The duration and memory usage are recorded by default and can be retrieved
from the XlsxReader instance:
use SaschaKliche\PhpXlsxReader\XlsxReader;
$reader = new XlsxReader();
$data = $reader
->open(<pathToInputFile>)
->readWithHeader();
$duration = $reader->getDurationInSeconds(); // float
$memory = $reader->getMemoryUsage(); // int
$peak = $reader->getMemoryPeakUsage(); // int
$reader->printPerformanceData();
// example output:
// Duration: 0.000343458 seconds
// Memory: 14.17 MiB
// Peak memory: 14.19 MiBThe library is pretty "dumb" to keep it small and simple.

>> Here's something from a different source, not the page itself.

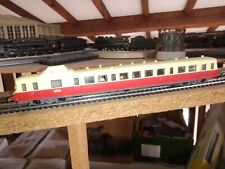 Autorail roco sncf d'occasion  Frejus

Therefore a lot of information is currently ignored / not retrieved and some features are not supported. Examples:
- Comments
- Conditional formatting
- Column spans are ignored, i.e. retrieved columns might contain a
nullvalue - Complex / non-standard file layouts, e.g. multiple shared string files
- Defined names
- Embedded documents
- Encrypted files
- Filters
- Fixed rows and columns
- Images, pictures, charts, cell styles
- Information about fonts, alignment, borders, indentation, column width / row height, and colors
- Macro code
- Page layout like print areas, headers, footers
- Pivot charts and tables
- Revisions / tracked changes
- Sorting
- Validation
Caution
The library might not be able to correctly read files using these features.